Davis shared, “I think that’s parenting really, and it’s not easy. For somebody like Charlotte, where control is such a key element of her personality at all times, I think it’s perfect that she has children who are going to surprise her and push her buttons and ultimately expand her ideas of who she is and who they are.”

By comparison, juggling motherhood, friendships, marriage, and her overbearing mother-in-law is nothing new for Lisa, who’s a very strong and thriving character.

Parker explained, “I think that for many reasons, this character is important because it just shows a different kind of African-American woman living in New York City who’s real and who exists, and also a grown-up who is still living her life, still thinking about what she wants for her family, for herself.”

Of course, family and relationships aren’t monoliths, and Carrie’s friend Seema highlights this as she navigates the dating world as an “older” professional looking for love.

Choudhury said, “There’s always a little heartbreak when you realize you’re in your fifties and asking why you don’t have a main love and do you have the energy to look for that. It’s a really deep thing because we’re told we’re supposed to get old together. But what if you don’t have that person? Hopefully, the show will answer that a little and help us.”

As many of the characters struggle to understand themselves, Che seems more self-aware, as they challenge Carrie to be more open about herself and her sexuality on their podcast. In many ways, they also challenge everyone to be more vulnerable about who they are in general, a podcast being a pathway to start.

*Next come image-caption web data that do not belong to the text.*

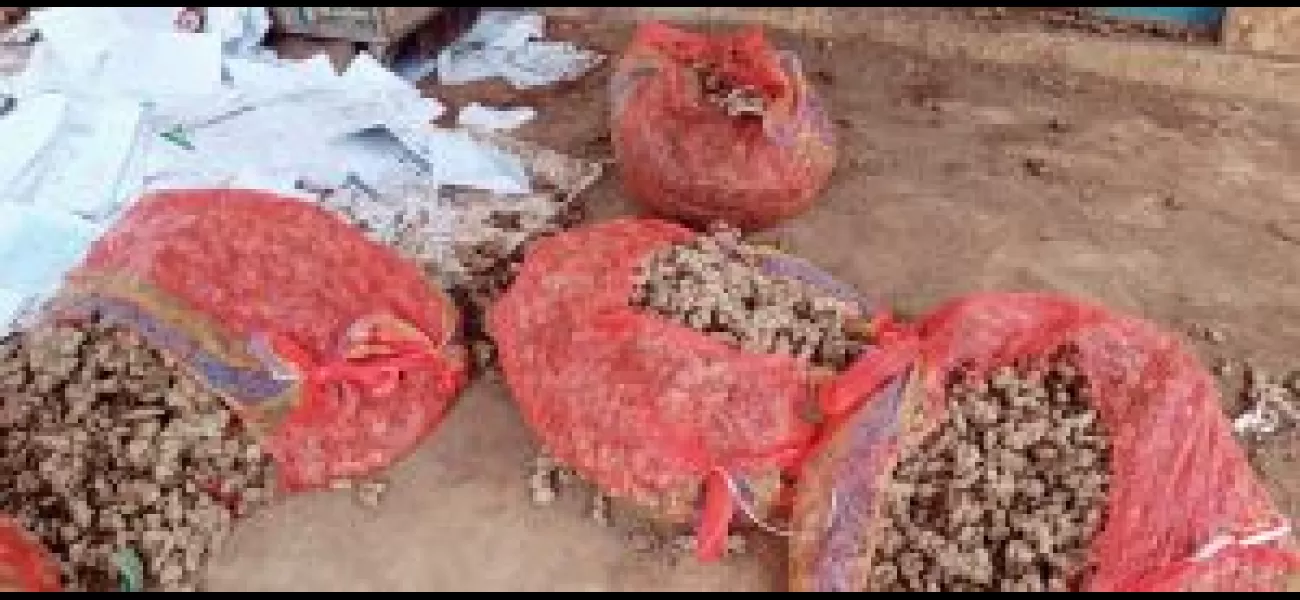 Anger in Kandhamal as farmers await delayed delivery of ginger and turmeric seeds.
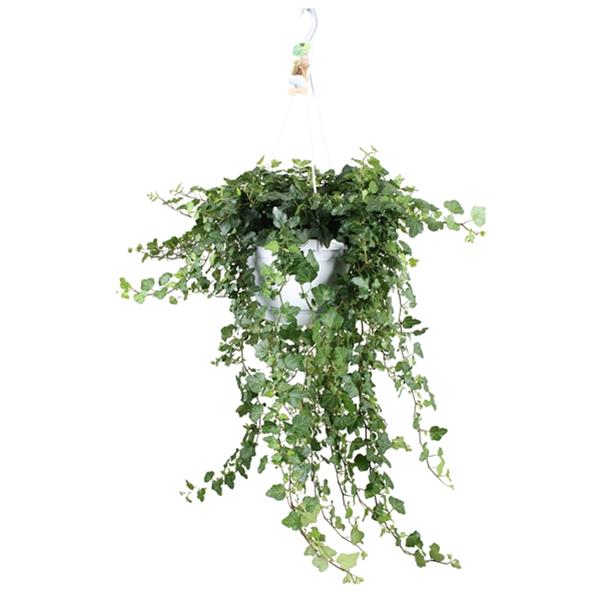 Hedera helix Wonder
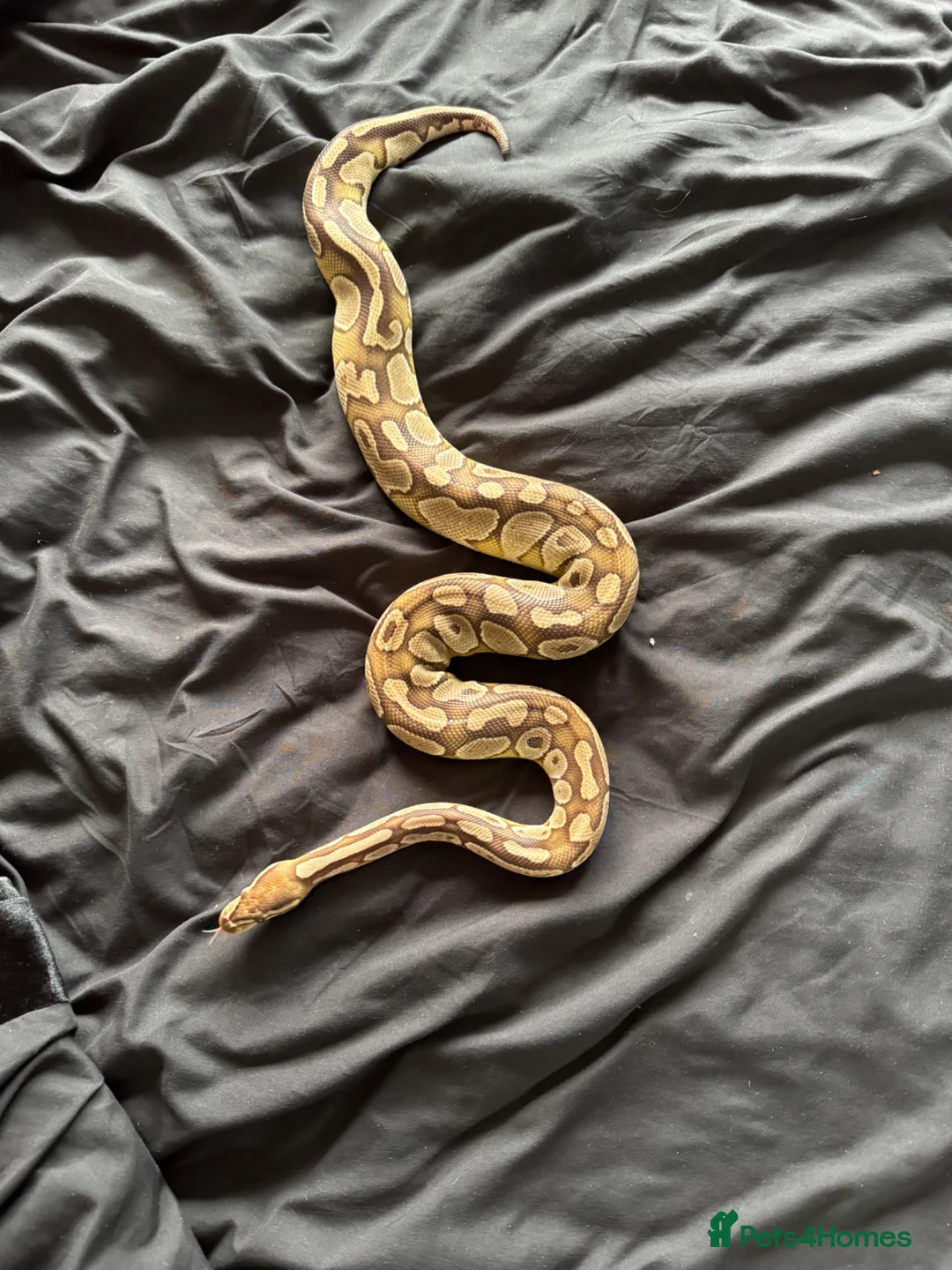 Python Snake reptiles for sale: Female lesser royal  - Advert 1
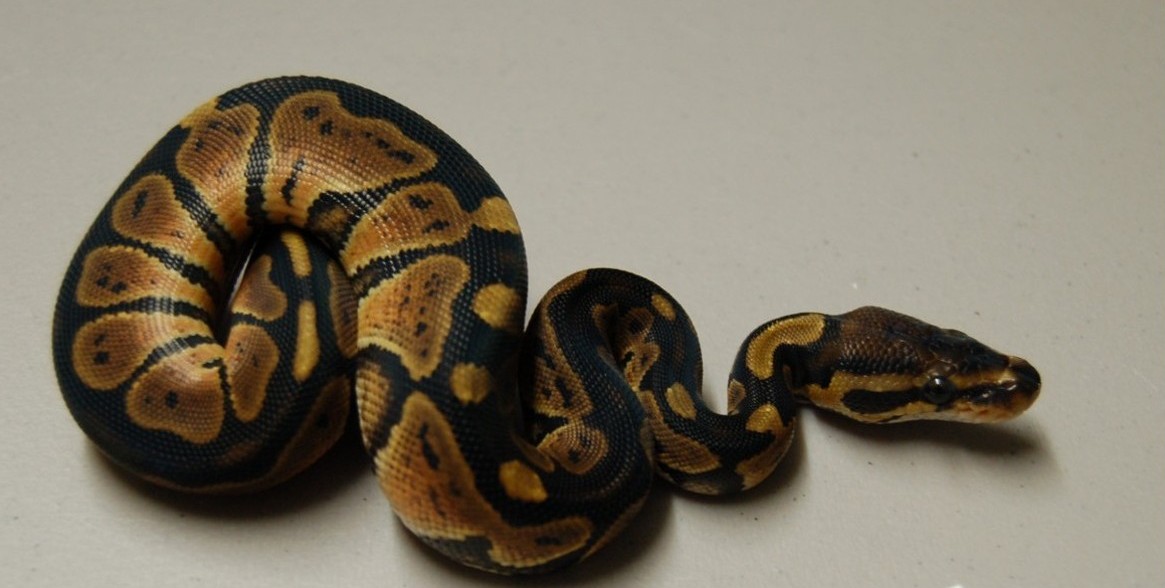 Het albino female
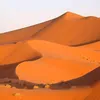 danyele73345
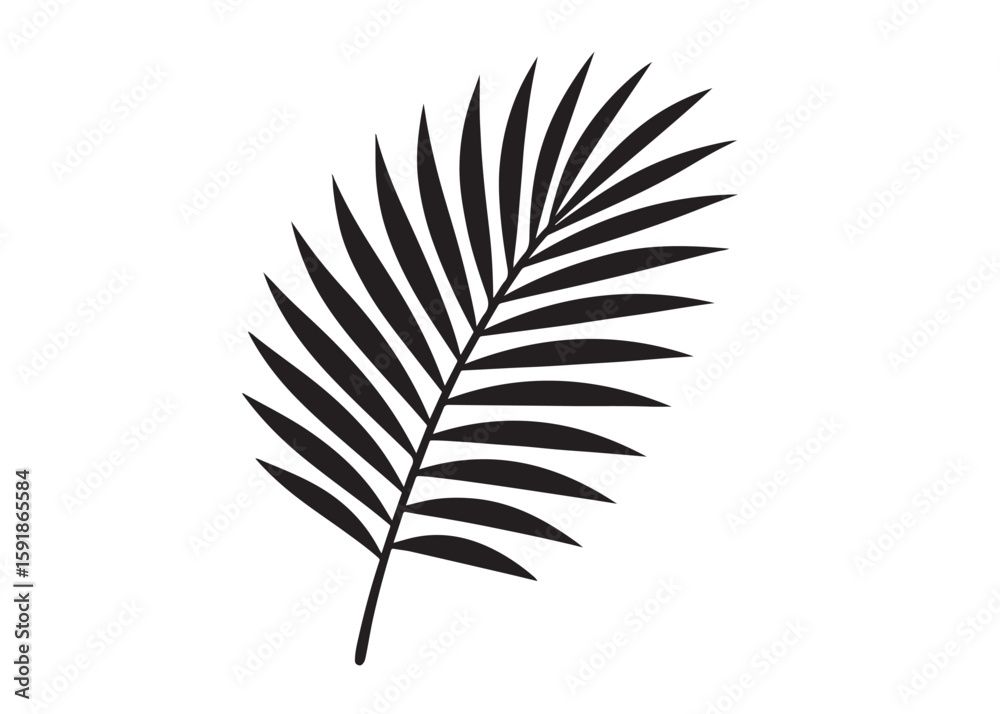 Fototapeta premium palm leaf logo silhouette vector, tropical palm leaf silhouette vector illustration, palm tree leaf black silhouette, simple black silhouette palm leaf logo silhouettes vector on a white background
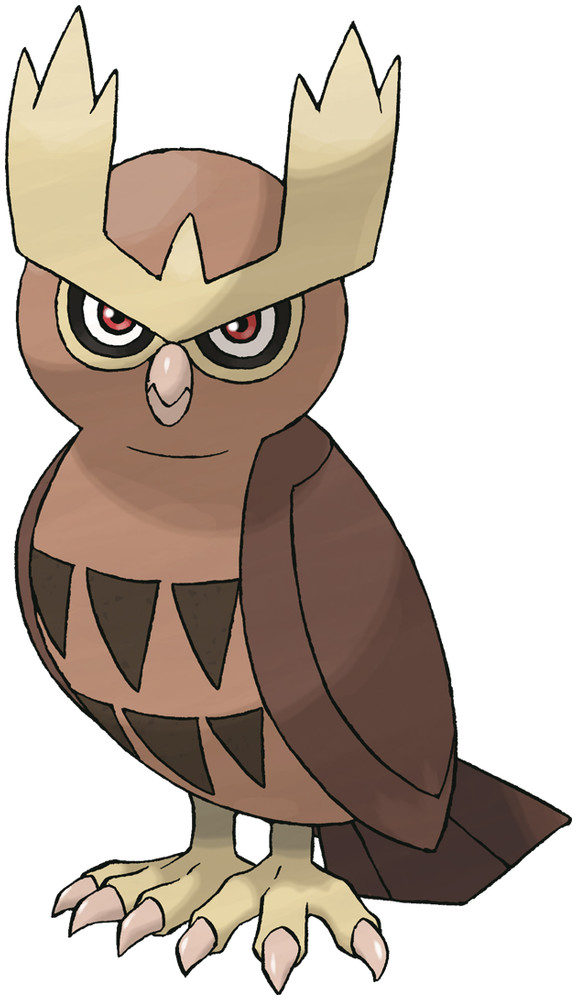 Noctowl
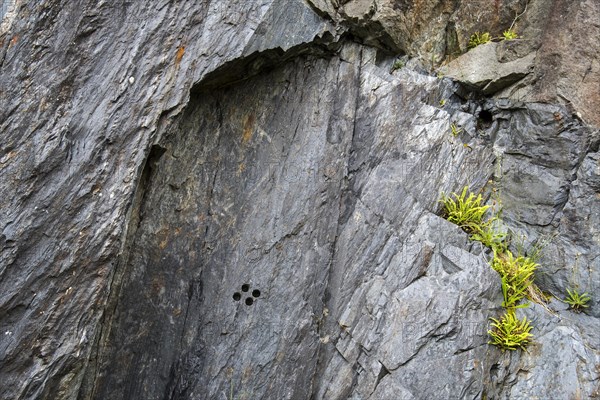 Drill holes in rock face for inserting explosives at the Ballachulish slate quarry in Lochaber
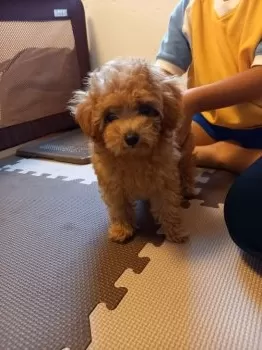 M.M 様のお迎えした子犬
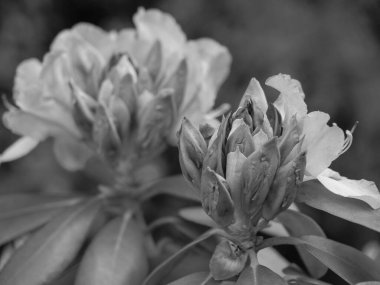 Almanya 'nın Schlei nehrindeki küçük Arnis şehri.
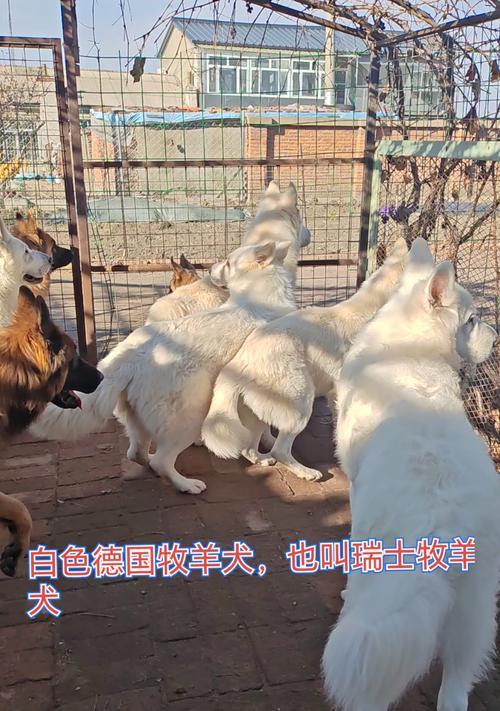 白色德牧长毛纯种多少钱？购买时需要注意哪些事项？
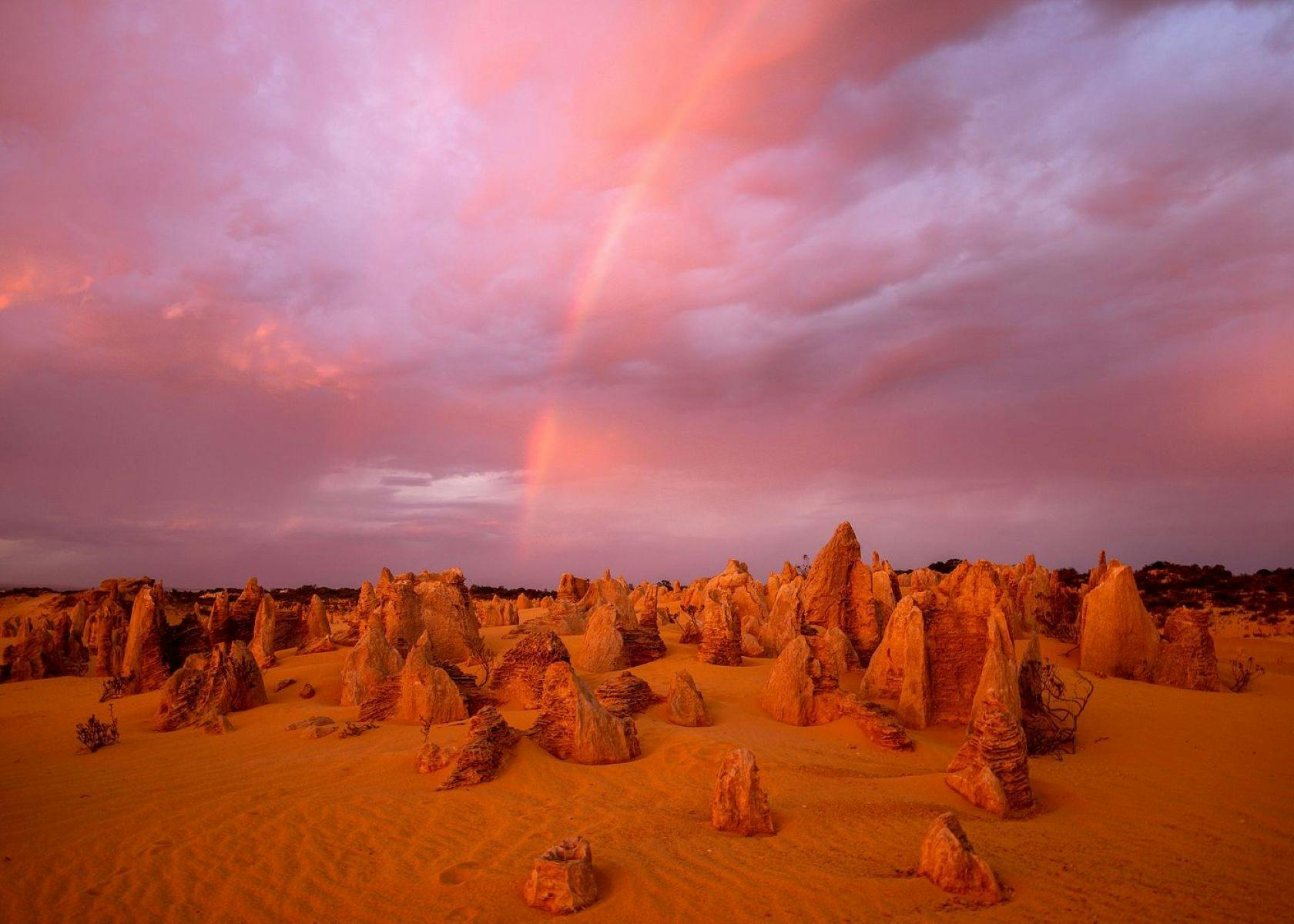 Private Pinnacles Sunset & Stargazing with Lobster Dinner Premium Tour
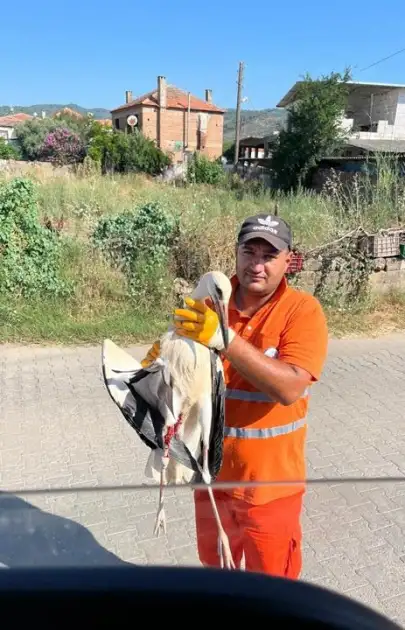 Milas'ta Temizlik İşçisinin Duyarlılığı Yaralı Leyleği Kurtardı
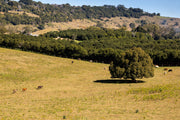 Farm paddock, with cows and a large tree in.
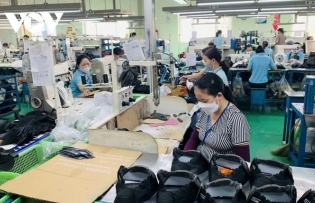 Vietnam to formulate breakthrough policies for private economic sector development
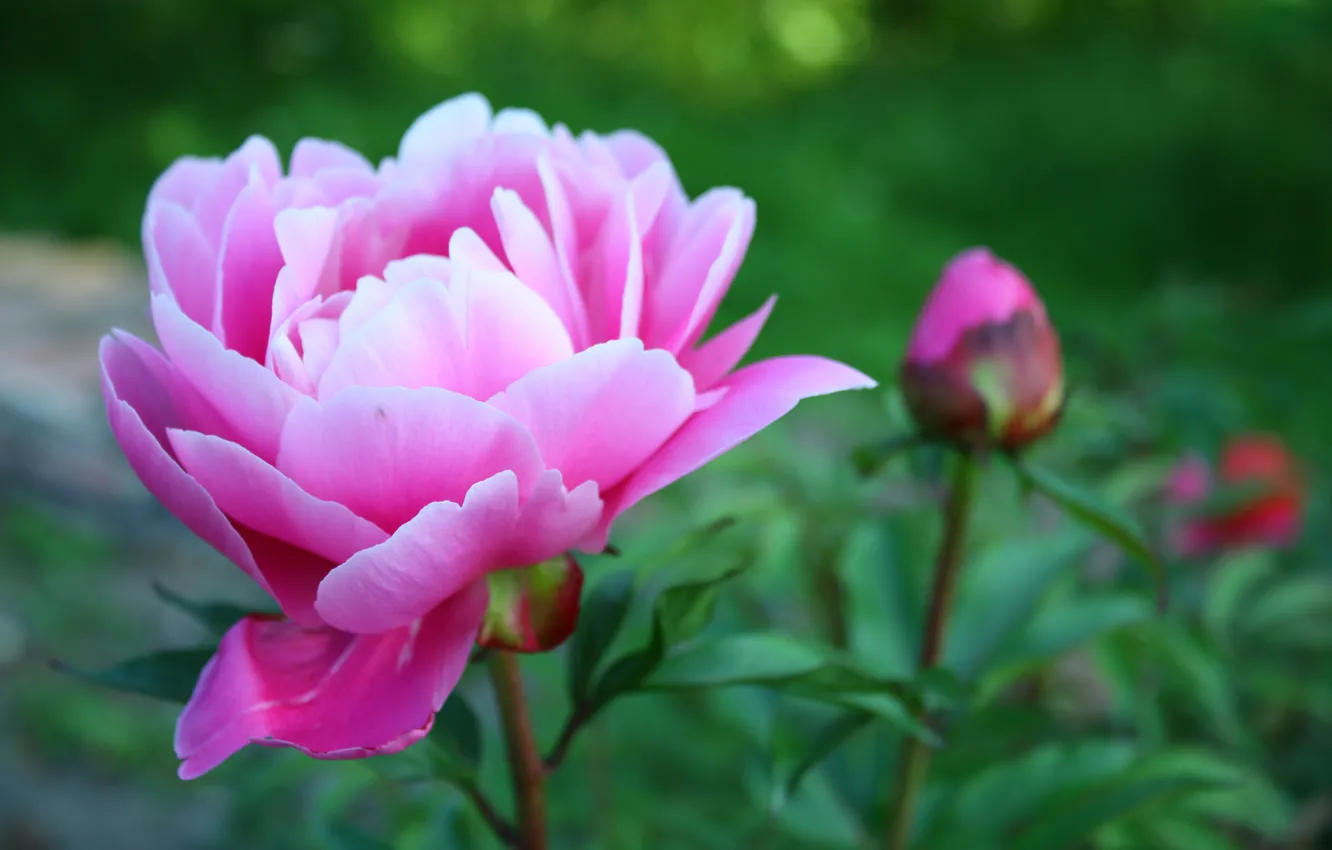 Фото обои цветок, макро, зеленый, розовый, растения, лепестки, пион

Ramirez shared, “Well, I think the reason the podcast medium is an important one to include is because it’s a true reflection of the world that we live in right now. It keeps the show relevant and current, and reflecting the world that we live in, it’s inclusive of the various mediums that most people are getting their messaging from. It’s a great space too, to engage a lot of different types of personalities without necessarily getting wrapped up in what people look like.” 

The series arrived on HBO Max on December 9, 2021, and will have new episodes airing on Thursdays at 3 a.m. ET and midnight PT.